The recruitment scheme begins 24 February and runs thought 31 July. You can see more details here.
This village about 100 kilometers east of Naples in Southern Italy has a section of the city’s website dedicated to showcasing 1 euro deals on homes. Village officials have put together a volunteer committee to help out potential buyers.
In remote Spain, there are an estimated 3,000 abandoned villages, with an average of one village per week joining their ranks, according the BBC and other media.
British expat Mark Adkinson founded Galacian Country Homes, which lists affordable properties (which is sort of a relative concept) across northern Spain starting at about 30,000 euros and going to well above 1 million euros.
In Spain, the approach is different than in Italy, with the trend toward selling entire villages. A group of friends bought a village, which they’re restoring with plans to resell some of the properties.
The New York Times has the best post – “Looking for a Place in the Sun? How About an Abandoned Spanish Village” – about the Spanish approach. And the options are unlimited.
From the NYTimes post:
The going rate for a ruined hamlet is now close to €100,000. If you’re feeling flush, an entire village of 75 homes, all abandoned during the Spanish Civil War between 1936 and 1939, will set you back €425,000. For a couple of million, you could even purchase a medieval hilltop settlement with its own fortress.

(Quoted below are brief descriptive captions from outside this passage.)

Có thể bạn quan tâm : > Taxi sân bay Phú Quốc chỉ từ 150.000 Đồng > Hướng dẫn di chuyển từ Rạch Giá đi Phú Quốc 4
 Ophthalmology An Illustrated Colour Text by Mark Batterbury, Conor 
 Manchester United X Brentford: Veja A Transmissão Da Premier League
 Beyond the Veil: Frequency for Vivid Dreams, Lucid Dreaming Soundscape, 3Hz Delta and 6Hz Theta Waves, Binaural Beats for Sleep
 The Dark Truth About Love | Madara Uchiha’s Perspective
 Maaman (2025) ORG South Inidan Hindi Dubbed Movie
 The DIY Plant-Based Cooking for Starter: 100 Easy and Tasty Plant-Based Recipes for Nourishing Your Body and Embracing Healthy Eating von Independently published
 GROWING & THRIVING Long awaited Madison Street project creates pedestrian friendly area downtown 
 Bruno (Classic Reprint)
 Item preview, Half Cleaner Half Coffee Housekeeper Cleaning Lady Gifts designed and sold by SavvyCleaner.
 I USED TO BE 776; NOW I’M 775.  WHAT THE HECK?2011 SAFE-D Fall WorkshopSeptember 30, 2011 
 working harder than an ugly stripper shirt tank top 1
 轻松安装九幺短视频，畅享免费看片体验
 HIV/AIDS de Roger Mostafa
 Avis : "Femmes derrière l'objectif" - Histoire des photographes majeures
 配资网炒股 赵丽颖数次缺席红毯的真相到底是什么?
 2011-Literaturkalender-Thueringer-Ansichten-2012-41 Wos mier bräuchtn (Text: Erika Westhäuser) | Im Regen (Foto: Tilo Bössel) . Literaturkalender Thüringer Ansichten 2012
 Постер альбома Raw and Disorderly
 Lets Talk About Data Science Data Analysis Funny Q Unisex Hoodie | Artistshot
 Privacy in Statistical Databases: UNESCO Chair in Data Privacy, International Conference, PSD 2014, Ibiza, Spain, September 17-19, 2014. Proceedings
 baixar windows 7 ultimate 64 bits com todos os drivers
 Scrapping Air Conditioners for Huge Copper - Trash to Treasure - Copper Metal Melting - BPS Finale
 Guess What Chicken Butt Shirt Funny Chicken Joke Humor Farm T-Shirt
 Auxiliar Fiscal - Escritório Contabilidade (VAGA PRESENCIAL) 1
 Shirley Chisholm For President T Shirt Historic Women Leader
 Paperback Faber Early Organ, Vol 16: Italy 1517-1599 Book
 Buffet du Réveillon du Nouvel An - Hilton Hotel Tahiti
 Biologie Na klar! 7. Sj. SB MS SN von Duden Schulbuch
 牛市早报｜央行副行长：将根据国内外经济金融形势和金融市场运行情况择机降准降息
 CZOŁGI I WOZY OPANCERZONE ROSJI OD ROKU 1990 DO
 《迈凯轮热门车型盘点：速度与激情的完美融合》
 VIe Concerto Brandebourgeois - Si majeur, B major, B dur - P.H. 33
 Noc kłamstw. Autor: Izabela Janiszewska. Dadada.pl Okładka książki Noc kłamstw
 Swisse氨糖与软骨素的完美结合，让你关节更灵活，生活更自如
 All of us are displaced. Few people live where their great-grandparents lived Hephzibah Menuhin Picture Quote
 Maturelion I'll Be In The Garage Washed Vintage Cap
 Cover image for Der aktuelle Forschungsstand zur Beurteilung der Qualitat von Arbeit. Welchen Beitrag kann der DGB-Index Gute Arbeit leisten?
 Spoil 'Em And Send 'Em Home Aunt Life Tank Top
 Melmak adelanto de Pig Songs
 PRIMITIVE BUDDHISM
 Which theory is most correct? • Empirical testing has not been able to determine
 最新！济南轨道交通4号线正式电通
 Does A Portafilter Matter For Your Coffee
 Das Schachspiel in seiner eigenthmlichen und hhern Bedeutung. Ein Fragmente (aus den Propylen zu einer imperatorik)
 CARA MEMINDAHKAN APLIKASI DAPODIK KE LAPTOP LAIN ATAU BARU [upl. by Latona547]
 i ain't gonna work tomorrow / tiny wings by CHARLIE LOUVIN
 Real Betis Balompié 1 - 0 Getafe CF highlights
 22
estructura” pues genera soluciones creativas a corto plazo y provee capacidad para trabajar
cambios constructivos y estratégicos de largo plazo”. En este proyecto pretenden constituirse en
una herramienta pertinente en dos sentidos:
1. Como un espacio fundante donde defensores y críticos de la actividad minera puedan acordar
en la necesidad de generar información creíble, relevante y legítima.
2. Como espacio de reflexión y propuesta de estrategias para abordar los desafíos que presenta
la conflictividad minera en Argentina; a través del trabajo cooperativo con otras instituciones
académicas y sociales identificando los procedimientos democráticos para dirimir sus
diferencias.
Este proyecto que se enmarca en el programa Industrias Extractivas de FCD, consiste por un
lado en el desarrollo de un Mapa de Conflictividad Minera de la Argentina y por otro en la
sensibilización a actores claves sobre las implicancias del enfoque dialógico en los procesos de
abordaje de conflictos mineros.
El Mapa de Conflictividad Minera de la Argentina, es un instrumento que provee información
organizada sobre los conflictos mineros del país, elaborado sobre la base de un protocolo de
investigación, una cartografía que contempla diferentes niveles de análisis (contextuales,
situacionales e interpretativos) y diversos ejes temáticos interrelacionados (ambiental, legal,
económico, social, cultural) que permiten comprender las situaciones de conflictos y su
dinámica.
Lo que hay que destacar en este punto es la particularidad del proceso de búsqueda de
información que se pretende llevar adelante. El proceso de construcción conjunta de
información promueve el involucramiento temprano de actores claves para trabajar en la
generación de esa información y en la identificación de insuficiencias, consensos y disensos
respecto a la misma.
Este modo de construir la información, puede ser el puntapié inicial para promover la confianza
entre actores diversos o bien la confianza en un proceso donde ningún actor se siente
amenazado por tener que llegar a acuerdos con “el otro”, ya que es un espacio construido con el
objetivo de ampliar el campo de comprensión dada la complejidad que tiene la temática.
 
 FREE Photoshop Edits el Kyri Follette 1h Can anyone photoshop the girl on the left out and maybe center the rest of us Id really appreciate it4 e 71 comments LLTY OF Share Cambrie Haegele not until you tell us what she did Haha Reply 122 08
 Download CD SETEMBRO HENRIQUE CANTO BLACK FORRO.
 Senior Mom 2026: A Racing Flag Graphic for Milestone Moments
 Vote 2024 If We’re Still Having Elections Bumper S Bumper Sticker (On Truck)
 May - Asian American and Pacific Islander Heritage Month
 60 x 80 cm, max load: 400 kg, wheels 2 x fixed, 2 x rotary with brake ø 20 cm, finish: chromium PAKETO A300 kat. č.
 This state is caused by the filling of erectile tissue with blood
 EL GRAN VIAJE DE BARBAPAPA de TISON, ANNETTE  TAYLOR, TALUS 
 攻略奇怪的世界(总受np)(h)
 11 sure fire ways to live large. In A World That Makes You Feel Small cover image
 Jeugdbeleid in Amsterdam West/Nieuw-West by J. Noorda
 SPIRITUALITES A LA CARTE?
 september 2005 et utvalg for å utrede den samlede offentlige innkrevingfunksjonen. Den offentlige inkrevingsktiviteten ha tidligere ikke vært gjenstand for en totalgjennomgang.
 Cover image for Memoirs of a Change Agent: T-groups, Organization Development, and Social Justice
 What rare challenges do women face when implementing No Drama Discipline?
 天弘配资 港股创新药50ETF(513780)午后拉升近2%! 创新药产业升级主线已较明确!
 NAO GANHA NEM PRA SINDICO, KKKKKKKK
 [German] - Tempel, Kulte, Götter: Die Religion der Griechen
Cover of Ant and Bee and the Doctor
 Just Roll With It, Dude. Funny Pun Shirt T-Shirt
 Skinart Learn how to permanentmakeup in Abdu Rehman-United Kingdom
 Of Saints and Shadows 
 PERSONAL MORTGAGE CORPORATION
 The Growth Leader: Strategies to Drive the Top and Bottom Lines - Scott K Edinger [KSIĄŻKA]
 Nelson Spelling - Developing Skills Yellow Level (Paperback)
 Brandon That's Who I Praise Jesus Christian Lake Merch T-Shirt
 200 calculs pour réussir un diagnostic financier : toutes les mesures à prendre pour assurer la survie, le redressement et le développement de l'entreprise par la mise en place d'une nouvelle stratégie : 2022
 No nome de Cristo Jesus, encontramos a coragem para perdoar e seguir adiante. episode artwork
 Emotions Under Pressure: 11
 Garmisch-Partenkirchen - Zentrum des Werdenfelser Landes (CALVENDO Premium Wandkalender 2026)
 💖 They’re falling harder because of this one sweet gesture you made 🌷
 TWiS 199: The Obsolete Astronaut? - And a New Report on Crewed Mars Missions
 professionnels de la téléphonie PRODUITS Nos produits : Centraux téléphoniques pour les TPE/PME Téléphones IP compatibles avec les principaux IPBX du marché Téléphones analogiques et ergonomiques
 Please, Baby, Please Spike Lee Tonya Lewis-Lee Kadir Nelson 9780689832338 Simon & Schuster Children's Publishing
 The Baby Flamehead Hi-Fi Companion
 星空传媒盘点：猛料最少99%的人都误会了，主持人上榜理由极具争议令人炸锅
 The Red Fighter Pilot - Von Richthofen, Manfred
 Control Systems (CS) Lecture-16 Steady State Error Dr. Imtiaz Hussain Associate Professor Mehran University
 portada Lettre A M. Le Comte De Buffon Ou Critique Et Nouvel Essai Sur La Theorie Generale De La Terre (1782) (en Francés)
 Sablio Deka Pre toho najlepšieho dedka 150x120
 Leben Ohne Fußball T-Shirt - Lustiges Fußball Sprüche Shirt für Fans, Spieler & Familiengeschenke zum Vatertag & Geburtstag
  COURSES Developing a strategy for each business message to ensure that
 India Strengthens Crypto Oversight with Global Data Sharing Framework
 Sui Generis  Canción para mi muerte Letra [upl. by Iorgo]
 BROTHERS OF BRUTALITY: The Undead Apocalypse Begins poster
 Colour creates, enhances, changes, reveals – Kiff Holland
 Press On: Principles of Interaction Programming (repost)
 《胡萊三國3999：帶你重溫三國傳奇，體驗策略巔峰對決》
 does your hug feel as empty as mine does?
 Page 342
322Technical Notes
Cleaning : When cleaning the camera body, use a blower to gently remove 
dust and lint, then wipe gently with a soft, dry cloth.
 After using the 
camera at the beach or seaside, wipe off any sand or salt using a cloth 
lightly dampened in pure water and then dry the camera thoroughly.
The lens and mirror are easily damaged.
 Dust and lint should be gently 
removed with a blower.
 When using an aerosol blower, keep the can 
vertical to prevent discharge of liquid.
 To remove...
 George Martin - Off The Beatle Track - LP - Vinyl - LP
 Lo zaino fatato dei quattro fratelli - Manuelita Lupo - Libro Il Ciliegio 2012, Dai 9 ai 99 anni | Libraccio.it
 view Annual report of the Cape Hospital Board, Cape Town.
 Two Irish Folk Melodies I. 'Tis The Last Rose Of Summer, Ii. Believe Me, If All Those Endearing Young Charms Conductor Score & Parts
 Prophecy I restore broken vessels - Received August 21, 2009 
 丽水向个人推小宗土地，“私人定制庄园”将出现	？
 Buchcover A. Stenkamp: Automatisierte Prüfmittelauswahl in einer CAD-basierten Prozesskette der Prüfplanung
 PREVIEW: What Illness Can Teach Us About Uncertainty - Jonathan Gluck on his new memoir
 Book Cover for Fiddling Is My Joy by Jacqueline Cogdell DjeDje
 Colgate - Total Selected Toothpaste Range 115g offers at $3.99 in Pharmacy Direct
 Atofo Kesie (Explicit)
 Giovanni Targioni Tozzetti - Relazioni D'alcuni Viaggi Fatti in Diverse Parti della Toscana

Even the Swiss are getting in on this. Monti Sciaga, near the Italian border, is offering nine properties for 1 Swiss franc each. The good news … the buildings are all hooked to the town water supply, which isn’t always the case. And this mountain town has a lake view. The bad news? This is one of the most remote parts of Switzerland, which could also be the good news if you’re seeking peace and quiet.